EXERCISE REQUIREMENTS
Without the pictures, set down exactly the lines from the one that contains "Urban Outfitters BDG" to the end of the entries, both included, and nothing besides.

THE RECORDS
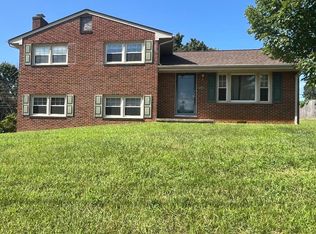 116 Frontier Rd NE, Roanoke, VA 24012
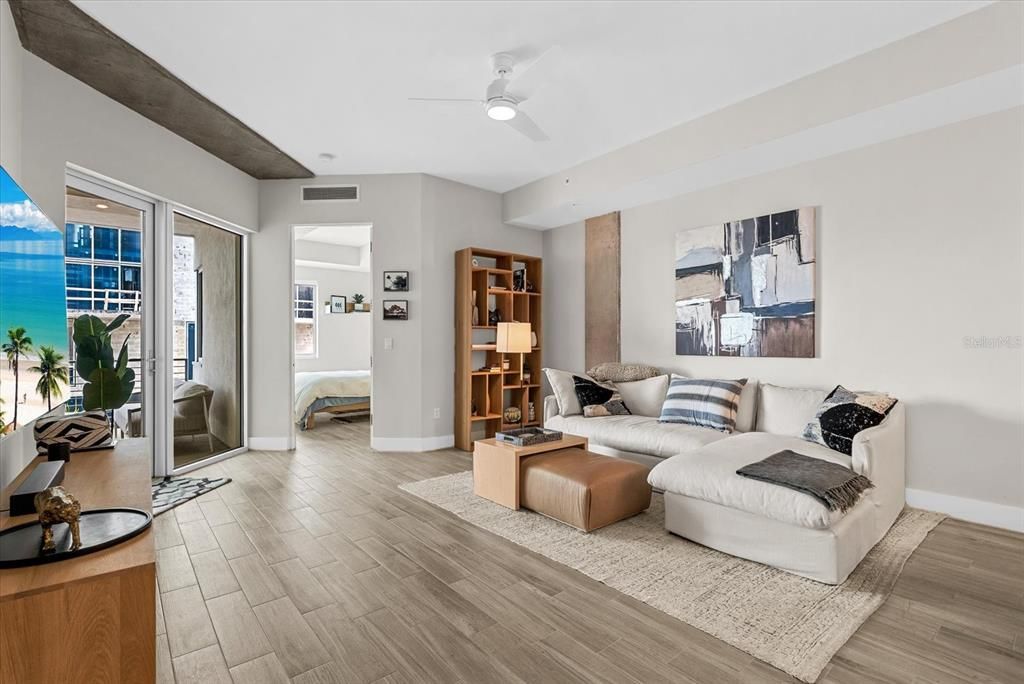 En Venta: $1,050,000 (2 camas, 2 baños, 1117 Pies cuadrados)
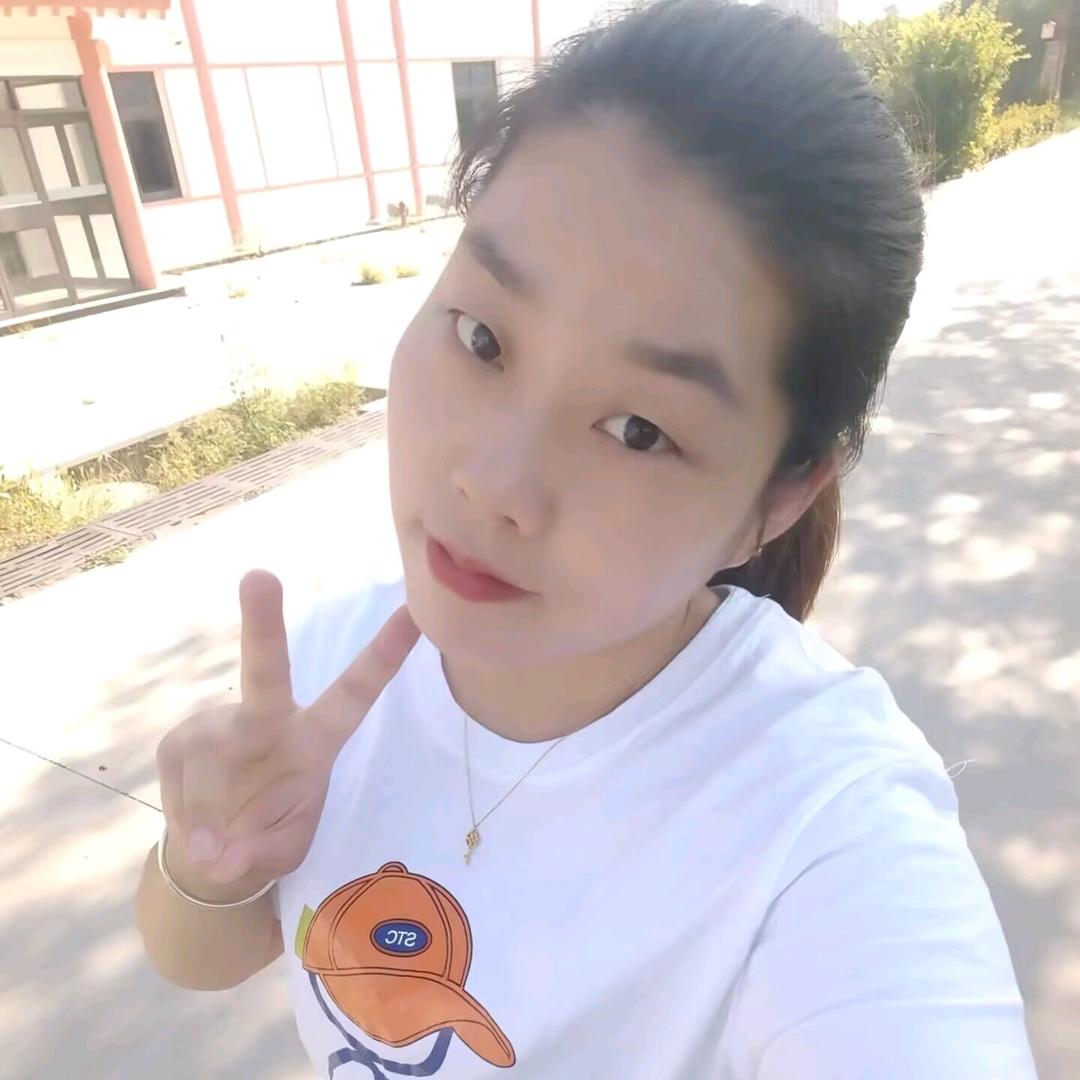 小江（江家二丫头）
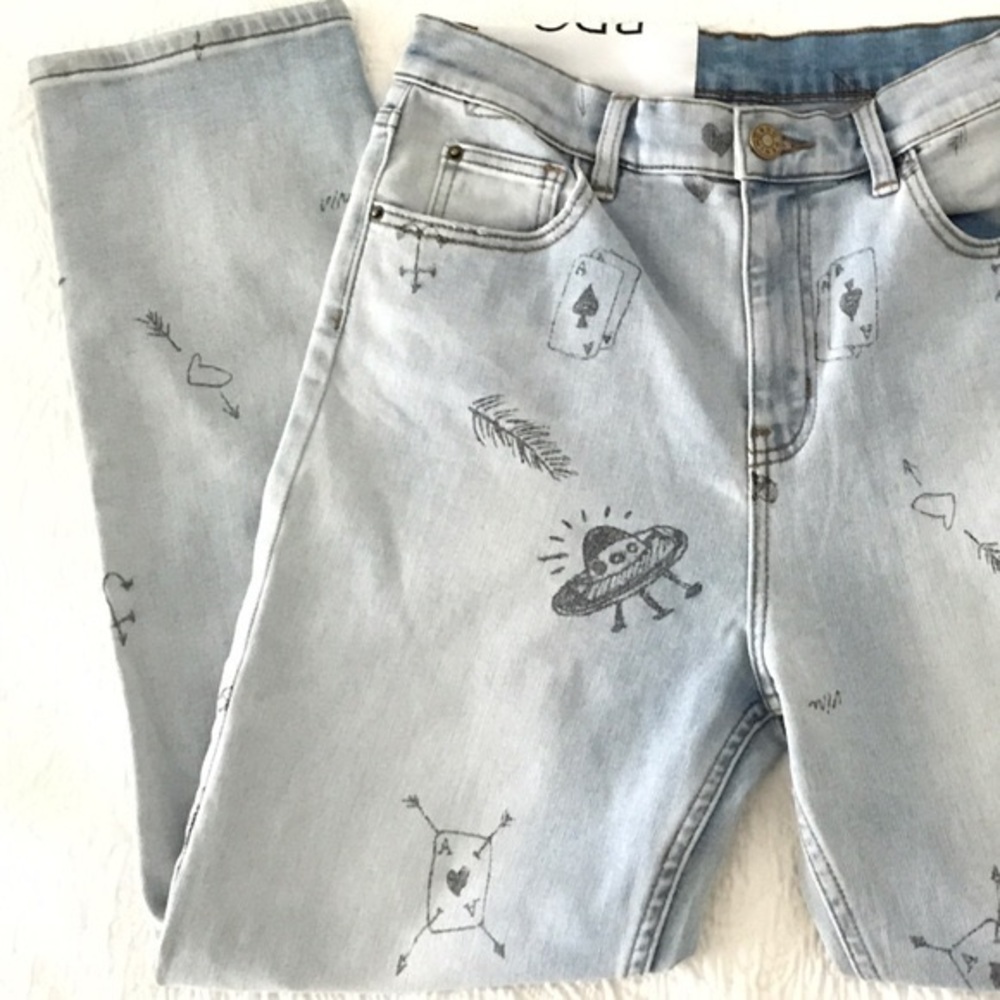 Urban Outfitters BDG Girlfriend Jeans W/ Graffiti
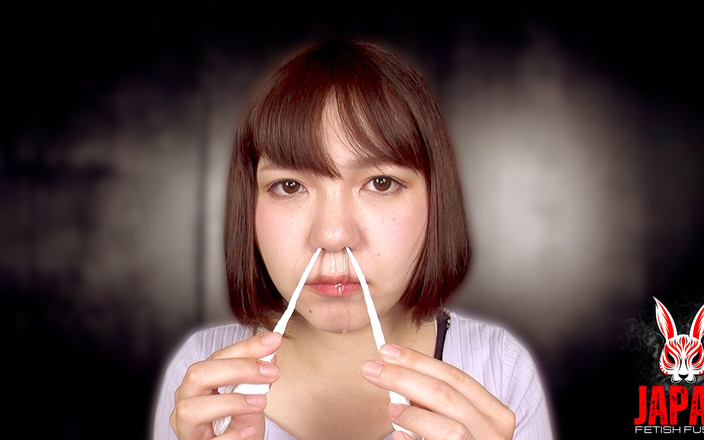 Japan Fetish Fusion: 濃厚、塩辛い、透明:新川ゆずの鼻水をPOVクローズアップで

THE COMPLETED TASK
 Urban Outfitters BDG Girlfriend Jeans W/ Graffiti
 Japan Fetish Fusion: 濃厚、塩辛い、透明:新川ゆずの鼻水をPOVクローズアップで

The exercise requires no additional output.